F. E. Guerra-Pujol, Barry University School of Law & Pontifical Catholic University of Puerto Rico, has published The Parable of the Prisoners. Here is the abstract.
Of the 78 possible strategic games in two-person game theory, one has acquired the most attention, and the most notoriety, from scholars and laymen alike. The so-called “Prisoner’s Dilemma,” or what we prefer to call the “Parable of the Prisoners,” is not only the most famous formal model of conflict and cooperation in the mathematical theory of games; it has also has generated extensive commentary in a wide variety of social sciences and other fields, including psychology, biology, politics, economics, law, and philosophy. In this paper, we shall revisit the origins of this popular parable and review a small but representative sample of this diverse literature, identifying common themes and ideas.
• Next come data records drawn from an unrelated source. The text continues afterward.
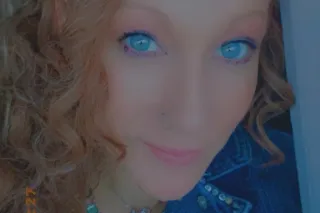 bad ass white girl NEW VIDEOS AND PICTURES - Image 6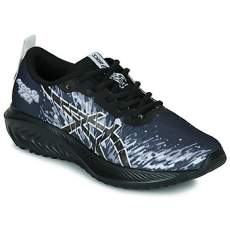Asics Futócipők GEL-NOOSA TRI 16 GS Fekete 37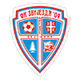 茲維耶達 logo
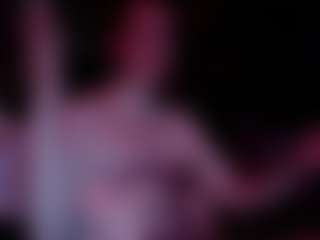 Live cam show with candismiths - Smoking on Dolls Live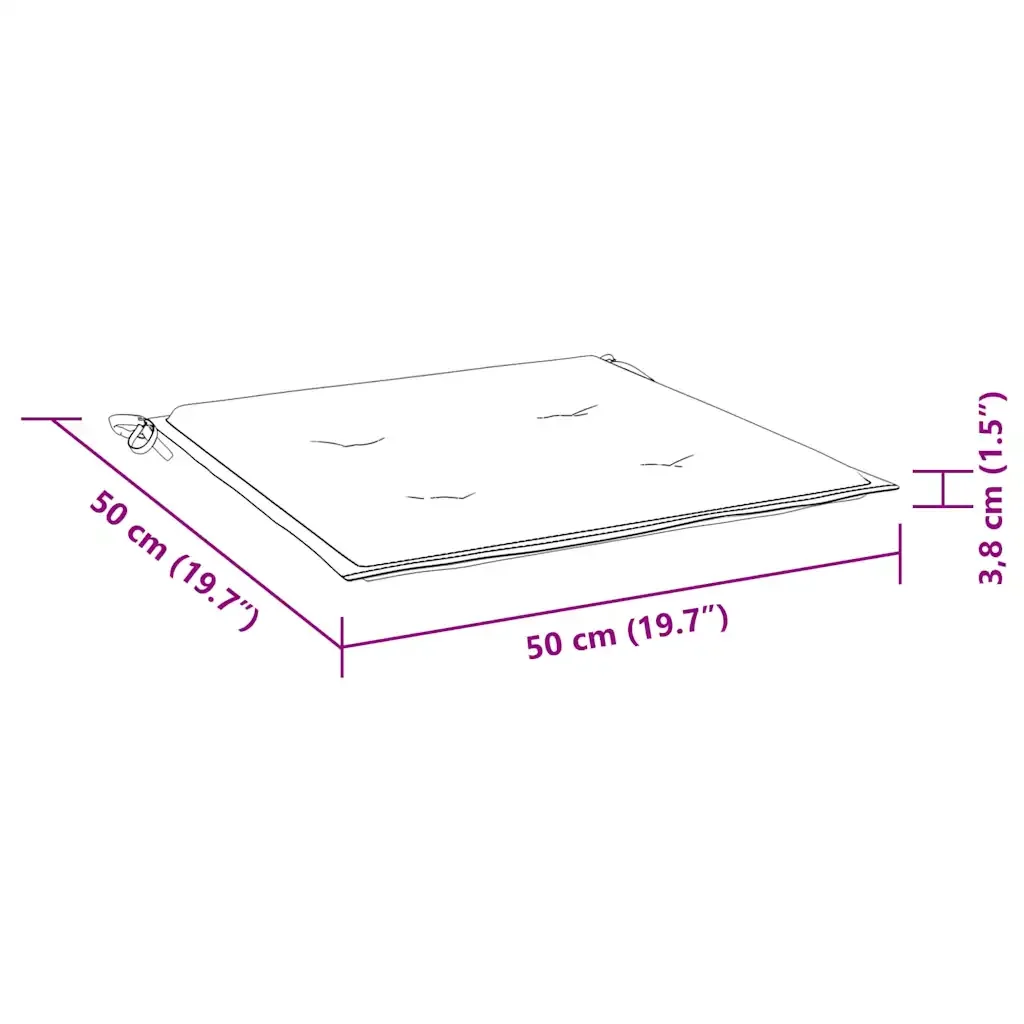 Miniatura 9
We shall also present an opposing parable to show that the dilemma in the Prisoner’s Dilemma is unavoidable and inescapable in the one-shot version of the game, and we shall explain why this parable is more than just a story; it is an exemplar or mathematical “paradigm.”Download the paper from SSRN at the link.
In summary, this paper is organized as follows: following this brief introduction, Part 2 reconstructs the origins of the Parable of the Prisoners. Part 3 then reviews various versions of the parable and the uses to which this parable has been put. By way of contrast, Part 4 presents a diametrically different model of behavior — the Altruist’s Dilemma — based on a suggestion by Schelling (1968), and Part 5 explains why the original Prisoner’s Dilemma is not just an instructive parable but also a scientific “paradigm.” Part 6 concludes.